Sunday, August 2, 2015

MEDIAVORE ~ WEEKLY COMICS HAUL REPORT

Welcome to the first in what I hope will be a regular, weekly Mediavore-branded sub-series, in which I give recommendations from, and bullet reviews of, my weekly comics haul.

WE STAND ON GUARD #1 (Image, $2.99) ~ This is an odd new title from Image, in which veteran scribe Brian K. Vaughan presents us with a grim vision of war between the United States and Canada. The story kicks off in 2112 (a nod to Canadian prog power-trio Rush), when the States' military obliterates Ottawa via missiles, then launches a land invasion, ostensibly in retaliation for a September 11-style terrorist attack that somehow gets blamed on the Great White North (I figure it's going to be exposed as a false flag attack ginned up as an excuse to go after Canada's fresh water supply in a future issue). Jump ahead a decade or so, and a rag-tag team of Canuck survivalists dodge interceptor drones and bring down giant manned robot "mechs" with little more than their wits and their tremendous Canadian balls. The combination of angry, paranoid polemic and crazy sci-fi action/adventure is a tough sell, and I'm not sure if I'm buying yet. I'll give it another issue or two to decide once and for all.

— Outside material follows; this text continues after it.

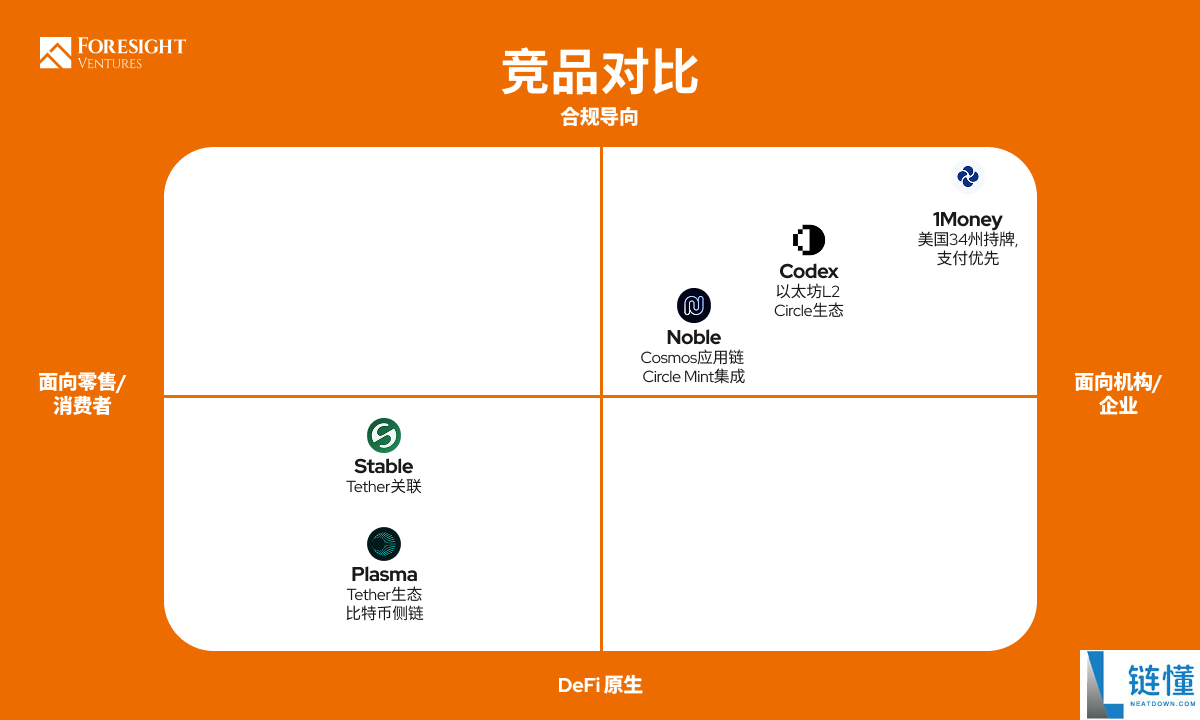 五大稳定币链全解析：发展策略、社群、开发进度和核心数据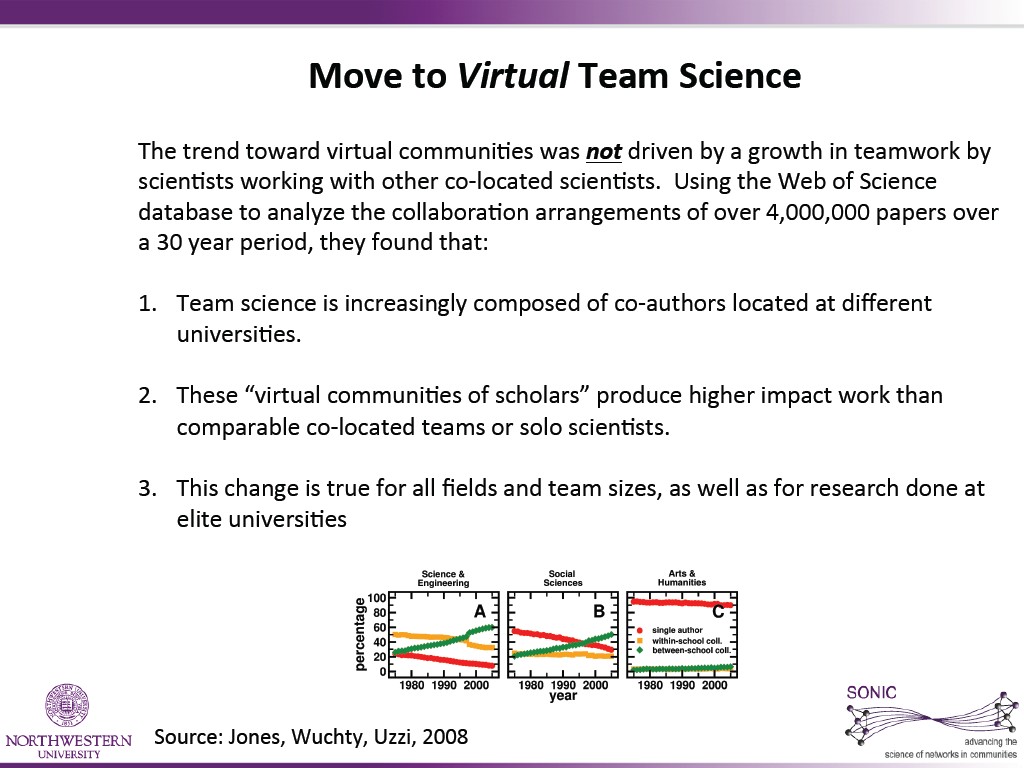 Move  to  Virtual  Team  Science   The  trend  toward  virtual  Communi6es  was  not  driven  by  a  growth  in  teamwork  by   sCien6sts  working  with  other  Co-­‐loCated  sCien6sts.    Using  the  Web  of  SCienCe   database  to  analyze  the  Collabora6on  arrangements  of  over  4,000,000  papers  over   a  30  year  period,  they  found  that:     1.  Team  sCienCe  is  inCreasingly  Composed  of  Co-­‐authors  loCated  at  diﬀerent   universi6es.       2.  These  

STRANGE FRUIT #1 (Boom!, $3.99) ~ Speaking of angry polemic, here's a shockingly good idea that I'm surprised hasn't been done before: What if Superman's alien craft had crash-landed in rural Mississippi in 1927, just as the KKK was getting ready to go into the Black part of town and fuck shit up? And what if he emerged from that craft a full-grown Black man? Named after Billie Holiday's legendary anti-lynching song, this series by J.G. Jones and Mark Waid is rendered in a gorgeous, painterly style throughout, and considering the book's final image is of Black Superman covering his nudity with a Confederate flag torn from a Klansman's standard, it couldn't be more timely. If the first issue of this four-issue miniseries is any indication, I predict that Strange Fruit will be winning multiple statuettes come award season next year. Well worth checking out.




FUTURE IMPERFECT #1, #2, # 3 (Marvel, $3.99 each) ~ There's not much that I like about Marvel's ongoing, continuity-wide "event", Secret Wars 2015. With every single Marvel title taking part in this deeply flawed, pathetically transparent, and ultimately misguided attempt at copycatting Game of Thrones, the entire superhero dynamic is thrown out of whack. I mean, it's basically game over. The heroes failed and the Multiverse has collapsed into nothingness, leaving behind only Doctor Doom's personal AD&D game, populated with amnesiac versions of characters that we USED to know and love... some of them barely recognizable as such, and many of them present in multiple versions of themselves. I mean, Captain America is a barbarian who roams the various wastelands of "Battleworld" with his pet, King Dinosaur. And there's a region populated by nothing but Hulks. And there's a Great Big Wall that separates all the "Zones" from the Marvel Zombies and the Ultron Annihlation Wave... except it's on the SOUTH side of the map, so it's not another Game of Thrones rip-off! No way! Anyway, my main question about this iteration of Secret Wars is, why should we care about these heroes if there's no normal people left for them to protect and save and be heroic for? I'll have more to say about this mess in later columns, but for now, I just want to say that I picked up the first three issues of the Future Imperfect 4-part tie-in series exclusively for Greg Land's excellent renderings of both the Maestro Hulk and The Thing (even though this Thing is... ugh... General Thunderbolt Ross). I guess I'll pick up the fourth issue, even though the story is pretty much for shit. This goes to show you... good art goes a long way in comics!